WHAT TO DO
Starting at the line below holding "Bring Back To Life Quotes #956407" and stopping at the line holding "Картина модульная на", print every line exactly, both ends included, and leave the rest out.

SOURCE MATERIAL
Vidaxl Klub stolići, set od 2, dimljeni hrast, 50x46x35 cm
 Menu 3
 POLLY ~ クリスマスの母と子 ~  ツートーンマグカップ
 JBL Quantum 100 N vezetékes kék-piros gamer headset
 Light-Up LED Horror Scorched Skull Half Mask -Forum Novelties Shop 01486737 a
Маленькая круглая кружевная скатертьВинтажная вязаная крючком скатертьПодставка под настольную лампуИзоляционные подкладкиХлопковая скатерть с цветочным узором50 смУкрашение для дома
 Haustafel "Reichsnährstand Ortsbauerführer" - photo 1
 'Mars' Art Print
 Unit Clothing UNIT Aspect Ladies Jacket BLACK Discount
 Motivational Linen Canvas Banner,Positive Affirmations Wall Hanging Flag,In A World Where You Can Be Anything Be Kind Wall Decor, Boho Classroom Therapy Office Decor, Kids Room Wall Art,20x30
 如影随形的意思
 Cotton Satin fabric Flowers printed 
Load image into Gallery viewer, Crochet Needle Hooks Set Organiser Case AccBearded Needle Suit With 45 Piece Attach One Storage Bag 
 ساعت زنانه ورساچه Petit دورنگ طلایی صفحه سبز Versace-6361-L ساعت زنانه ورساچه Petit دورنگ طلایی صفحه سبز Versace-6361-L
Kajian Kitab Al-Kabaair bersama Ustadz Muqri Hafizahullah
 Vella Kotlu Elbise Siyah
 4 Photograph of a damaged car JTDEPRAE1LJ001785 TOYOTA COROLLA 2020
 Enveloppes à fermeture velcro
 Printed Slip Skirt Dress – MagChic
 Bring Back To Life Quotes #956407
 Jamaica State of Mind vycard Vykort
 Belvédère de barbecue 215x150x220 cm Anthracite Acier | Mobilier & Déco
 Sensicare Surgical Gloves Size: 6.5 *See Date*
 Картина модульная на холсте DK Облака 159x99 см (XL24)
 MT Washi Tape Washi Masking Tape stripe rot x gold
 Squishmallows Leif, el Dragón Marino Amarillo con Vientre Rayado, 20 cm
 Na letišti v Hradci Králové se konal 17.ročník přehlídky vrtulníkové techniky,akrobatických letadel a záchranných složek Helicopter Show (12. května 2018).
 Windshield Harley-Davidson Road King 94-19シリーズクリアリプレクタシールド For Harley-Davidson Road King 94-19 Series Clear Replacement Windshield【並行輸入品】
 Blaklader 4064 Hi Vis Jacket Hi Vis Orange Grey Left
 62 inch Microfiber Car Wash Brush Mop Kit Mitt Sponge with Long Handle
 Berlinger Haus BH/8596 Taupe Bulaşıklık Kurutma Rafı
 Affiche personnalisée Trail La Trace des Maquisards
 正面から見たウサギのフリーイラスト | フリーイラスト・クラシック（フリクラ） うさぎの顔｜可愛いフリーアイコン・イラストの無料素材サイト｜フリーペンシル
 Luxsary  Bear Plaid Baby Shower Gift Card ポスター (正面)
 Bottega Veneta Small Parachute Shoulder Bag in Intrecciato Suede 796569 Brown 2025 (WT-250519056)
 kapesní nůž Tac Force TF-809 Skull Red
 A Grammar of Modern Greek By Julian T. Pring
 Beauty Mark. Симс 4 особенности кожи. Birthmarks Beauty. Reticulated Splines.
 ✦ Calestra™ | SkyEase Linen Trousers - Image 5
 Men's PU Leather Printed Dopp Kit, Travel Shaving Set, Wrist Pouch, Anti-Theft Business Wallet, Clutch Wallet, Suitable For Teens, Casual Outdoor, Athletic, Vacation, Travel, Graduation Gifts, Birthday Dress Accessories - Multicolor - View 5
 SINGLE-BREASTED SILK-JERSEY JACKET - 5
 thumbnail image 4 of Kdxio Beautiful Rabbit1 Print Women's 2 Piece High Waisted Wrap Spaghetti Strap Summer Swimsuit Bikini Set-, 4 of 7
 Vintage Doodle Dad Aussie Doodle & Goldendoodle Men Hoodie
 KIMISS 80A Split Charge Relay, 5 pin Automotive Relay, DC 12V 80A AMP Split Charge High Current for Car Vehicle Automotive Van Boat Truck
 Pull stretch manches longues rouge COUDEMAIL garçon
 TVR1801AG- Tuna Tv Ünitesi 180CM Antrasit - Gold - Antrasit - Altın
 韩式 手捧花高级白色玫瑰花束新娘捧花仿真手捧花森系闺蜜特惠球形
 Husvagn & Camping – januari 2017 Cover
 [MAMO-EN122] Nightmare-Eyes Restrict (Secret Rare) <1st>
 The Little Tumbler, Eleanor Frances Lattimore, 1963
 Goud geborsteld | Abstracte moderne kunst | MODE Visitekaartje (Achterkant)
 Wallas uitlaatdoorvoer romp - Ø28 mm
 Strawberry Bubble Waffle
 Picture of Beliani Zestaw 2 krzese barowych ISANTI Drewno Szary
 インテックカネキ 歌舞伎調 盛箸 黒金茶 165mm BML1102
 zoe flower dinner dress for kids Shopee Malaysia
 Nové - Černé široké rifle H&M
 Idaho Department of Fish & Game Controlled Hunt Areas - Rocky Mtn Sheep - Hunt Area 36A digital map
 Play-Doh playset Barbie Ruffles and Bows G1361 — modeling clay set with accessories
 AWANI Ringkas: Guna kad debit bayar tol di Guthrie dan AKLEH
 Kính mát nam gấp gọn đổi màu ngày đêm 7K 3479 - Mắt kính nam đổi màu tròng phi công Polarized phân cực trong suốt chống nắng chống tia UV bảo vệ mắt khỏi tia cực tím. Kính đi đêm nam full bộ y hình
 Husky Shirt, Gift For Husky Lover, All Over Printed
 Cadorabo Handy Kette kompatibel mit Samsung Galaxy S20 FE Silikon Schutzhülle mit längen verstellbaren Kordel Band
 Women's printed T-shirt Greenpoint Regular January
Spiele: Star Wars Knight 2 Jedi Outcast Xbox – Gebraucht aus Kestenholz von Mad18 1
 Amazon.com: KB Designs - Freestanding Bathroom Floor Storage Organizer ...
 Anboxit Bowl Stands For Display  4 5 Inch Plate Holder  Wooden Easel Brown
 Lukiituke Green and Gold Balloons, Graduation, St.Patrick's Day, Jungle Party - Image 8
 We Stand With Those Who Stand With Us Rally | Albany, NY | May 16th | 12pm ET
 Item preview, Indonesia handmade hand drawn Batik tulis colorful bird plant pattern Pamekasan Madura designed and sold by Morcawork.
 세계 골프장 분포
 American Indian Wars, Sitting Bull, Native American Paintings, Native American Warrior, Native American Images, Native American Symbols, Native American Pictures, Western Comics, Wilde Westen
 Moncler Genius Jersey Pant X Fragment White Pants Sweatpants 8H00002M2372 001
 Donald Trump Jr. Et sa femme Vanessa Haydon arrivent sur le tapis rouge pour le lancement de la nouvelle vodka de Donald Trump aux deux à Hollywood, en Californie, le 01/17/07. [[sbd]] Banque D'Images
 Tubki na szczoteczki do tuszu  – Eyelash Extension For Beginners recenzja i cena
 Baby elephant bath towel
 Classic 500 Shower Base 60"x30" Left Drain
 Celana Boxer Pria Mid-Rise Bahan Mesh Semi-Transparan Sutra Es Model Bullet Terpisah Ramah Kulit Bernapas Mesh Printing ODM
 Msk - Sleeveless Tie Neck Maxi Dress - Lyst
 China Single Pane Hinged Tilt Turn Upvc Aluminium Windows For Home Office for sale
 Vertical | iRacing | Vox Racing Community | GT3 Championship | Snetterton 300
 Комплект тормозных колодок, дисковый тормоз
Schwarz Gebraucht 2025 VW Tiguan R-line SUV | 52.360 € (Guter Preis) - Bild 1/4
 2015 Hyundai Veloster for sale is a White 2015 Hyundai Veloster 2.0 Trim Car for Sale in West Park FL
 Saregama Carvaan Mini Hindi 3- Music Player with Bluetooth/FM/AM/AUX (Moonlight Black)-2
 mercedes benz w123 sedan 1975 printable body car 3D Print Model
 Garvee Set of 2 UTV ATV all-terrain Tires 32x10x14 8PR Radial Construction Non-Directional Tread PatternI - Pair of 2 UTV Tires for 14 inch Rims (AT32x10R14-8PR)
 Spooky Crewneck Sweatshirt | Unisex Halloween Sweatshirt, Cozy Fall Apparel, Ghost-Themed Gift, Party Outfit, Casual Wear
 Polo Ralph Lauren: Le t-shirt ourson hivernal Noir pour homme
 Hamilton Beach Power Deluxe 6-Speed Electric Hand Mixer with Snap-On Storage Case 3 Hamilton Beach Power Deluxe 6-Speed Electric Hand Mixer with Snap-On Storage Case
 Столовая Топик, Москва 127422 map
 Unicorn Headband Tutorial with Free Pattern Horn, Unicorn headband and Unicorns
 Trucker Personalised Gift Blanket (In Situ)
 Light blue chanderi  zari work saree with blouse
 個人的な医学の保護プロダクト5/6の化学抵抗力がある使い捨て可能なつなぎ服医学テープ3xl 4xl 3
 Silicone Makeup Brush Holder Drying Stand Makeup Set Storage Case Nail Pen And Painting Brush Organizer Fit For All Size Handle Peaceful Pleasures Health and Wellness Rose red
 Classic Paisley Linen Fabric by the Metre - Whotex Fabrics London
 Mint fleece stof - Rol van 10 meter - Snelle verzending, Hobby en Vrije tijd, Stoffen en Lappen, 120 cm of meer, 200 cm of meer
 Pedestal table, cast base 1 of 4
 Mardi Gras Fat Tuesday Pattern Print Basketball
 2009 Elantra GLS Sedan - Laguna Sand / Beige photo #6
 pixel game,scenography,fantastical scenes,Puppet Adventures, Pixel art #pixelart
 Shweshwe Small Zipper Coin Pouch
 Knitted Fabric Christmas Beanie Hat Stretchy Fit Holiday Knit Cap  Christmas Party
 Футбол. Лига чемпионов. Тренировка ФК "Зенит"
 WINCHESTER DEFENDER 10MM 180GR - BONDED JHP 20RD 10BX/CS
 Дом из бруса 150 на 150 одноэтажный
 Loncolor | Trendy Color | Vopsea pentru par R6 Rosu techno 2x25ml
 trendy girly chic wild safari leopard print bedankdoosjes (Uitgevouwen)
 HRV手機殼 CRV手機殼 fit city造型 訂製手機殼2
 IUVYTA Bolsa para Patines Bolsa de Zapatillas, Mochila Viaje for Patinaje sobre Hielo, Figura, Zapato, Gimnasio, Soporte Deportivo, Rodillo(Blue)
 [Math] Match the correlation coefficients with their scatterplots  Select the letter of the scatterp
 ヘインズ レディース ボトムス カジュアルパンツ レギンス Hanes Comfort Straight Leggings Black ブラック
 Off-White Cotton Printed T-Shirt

SOLVED EXERCISE
 Bring Back To Life Quotes #956407
 Jamaica State of Mind vycard Vykort
 Belvédère de barbecue 215x150x220 cm Anthracite Acier | Mobilier & Déco
 Sensicare Surgical Gloves Size: 6.5 *See Date*
 Картина модульная на холсте DK Облака 159x99 см (XL24)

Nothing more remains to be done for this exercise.